** Opening Data section block **

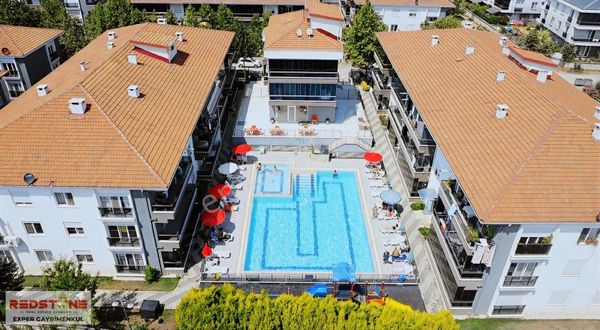 Redstone'dan River 2'de Havuzlu Oyun Parklı 2+1 Satılık Daire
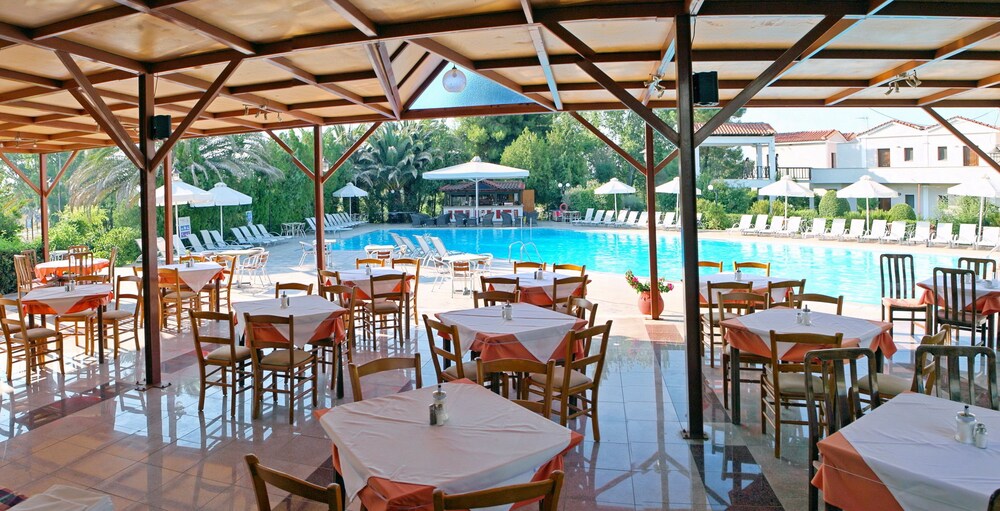 Food Court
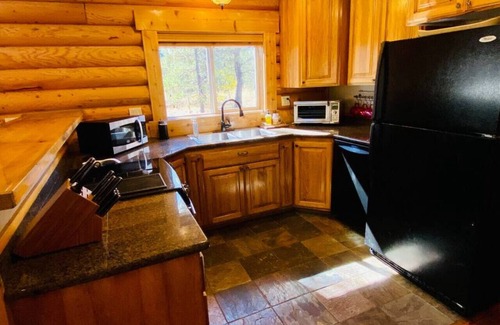 Donnelly Apartment | Pine Tree Lodge .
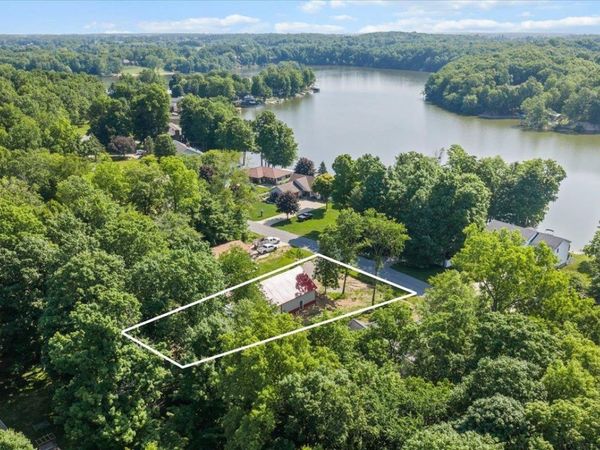 10234 Lakeside Drive, Perrinton, MI 48871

** Closing Data section block **

▶ _What is needed_
When you repeat the lines above, keep them exact and leave out each image they contain.

▶ _Reply to the task_
 Redstone'dan River 2'de Havuzlu Oyun Parklı 2+1 Satılık Daire
 Food Court
 Donnelly Apartment | Pine Tree Lodge .
 10234 Lakeside Drive, Perrinton, MI 48871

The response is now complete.